Publié le 21.05.2020
Maître Frédérick Wlodkowski
Droit des affaires
Avocat au Barreau des Hauts de Seine  
frederick.wlodkowski@coleurope.eu

Les opérations de structuration patrimoniale peuvent amener à démembrer des parts sociales ou des actions (que nous appellerons de manière générique des titres sociaux). L’opération de démembrement consiste en la séparation de l’usufruit, soit « le droit de jouir des choses », et de la nue-propriété, que l’on définira négativement par ce qui reste de la propriété, dont le droit de disposer de la chose (c’est-à-dire notamment la possibilité de la vendre).

Une fois que les titres sociaux sont démembrés et que les associés de la société souhaitent distribuer des dividendes, la loi prévoit que seul l’usufruitier a le droit aux dividendes prélevés sur le résultat, car les dividendes sont considérés comme un fruit. Néanmoins, la jurisprudence offre une possibilité afin que le nu-propriétaire puisse bénéficier des liquidités détenues par une société, à travers la distribution de réserves.

En effet, la première chambre civile de la Cour de cassation indique que : « si l’usufruitier a droit aux bénéfices distribués, il n’a aucun droit sur les bénéfices qui ont été mis en réserve, lesquels constituent l’accroissement de l’actif social et reviennent en tant que tel au nu-propriétaire ». (Civ 1re, 22 juin 2016, no 15-19.471)

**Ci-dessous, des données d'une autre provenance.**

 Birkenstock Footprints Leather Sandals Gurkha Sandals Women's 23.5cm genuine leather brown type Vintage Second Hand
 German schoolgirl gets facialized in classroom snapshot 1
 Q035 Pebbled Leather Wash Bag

Concernant la chambre commerciale, elle précise que « dans le cas où la collectivité des associés décide de distribuer un dividende par prélèvement sur les réserves, le droit de jouissance de l’usufruitier de droits sociaux s’exerce, sauf convention contraire entre celui-ci et le nu-propriétaire ». (Cass. com. 27-5-2015 n° 14-16.246 ; Cass. com. 24-5-2016 n° 15-17.788).

Pour résumer la doctrine sur la distribution des réserves, si la chambre commerciale n’interdit pas la distribution des réserves au nu-propriétaire (elle le prévoit comme l’exception, par le truchement d’une convention entre les parties), la chambre civile le prévoit comme le principe.

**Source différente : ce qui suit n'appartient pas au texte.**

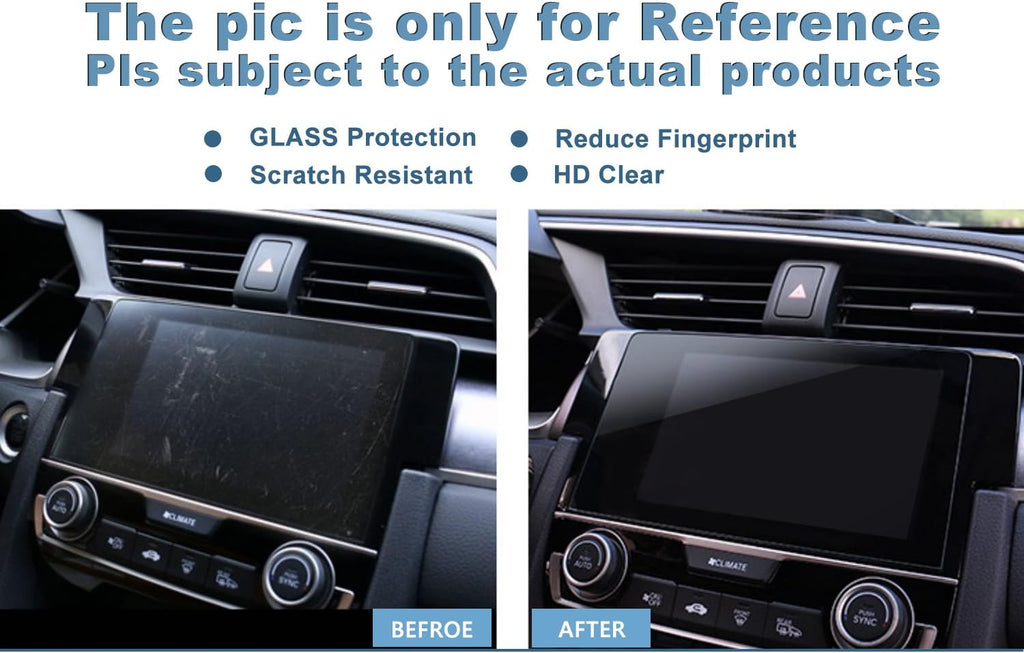 8 Inch Tempered Glass Car Navigation Screen Protector Q7906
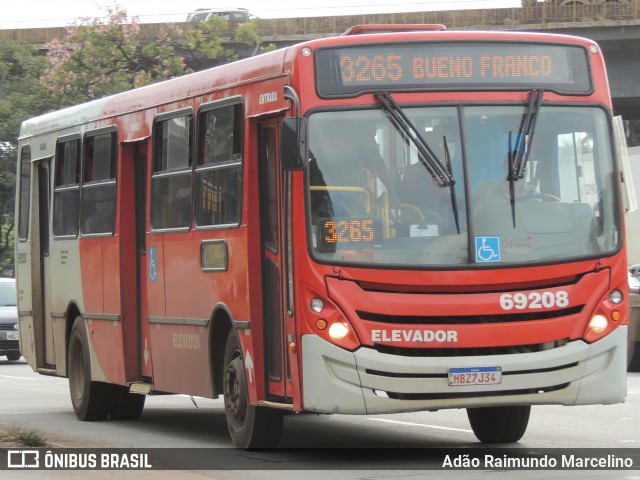 Viação Santa Edwiges 69208 na cidade de Belo Horizonte, Minas Gerais, Brasil, por Adão Raimundo Marcelino. ID da foto: 8665296.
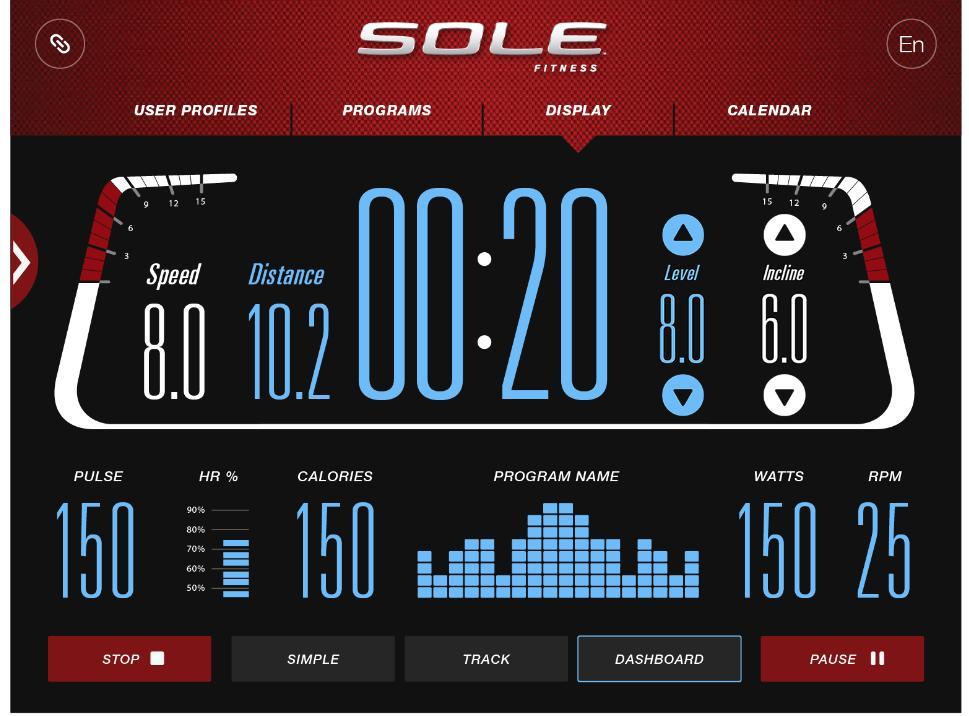 Instruktioner för SOLE Fitness APP Applikationen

En pratique, pour procéder à une telle distribution, il conviendra donc de convier une assemblée générale afin de :
(i) mettre en réserve le montant à distribuer au nu-propriétaire, et
(ii) autoriser la distribution, par un vote de la même assemblée, dans un second temps.

Une lecture attentive des statuts de la société est toutefois nécessaire afin de s’assurer qu’il n’existe pas de stipulations statutaires empêchant une telle distribution. Si c’est le cas, il faudra envisager une modification statutaire avant de procéder à ladite distribution.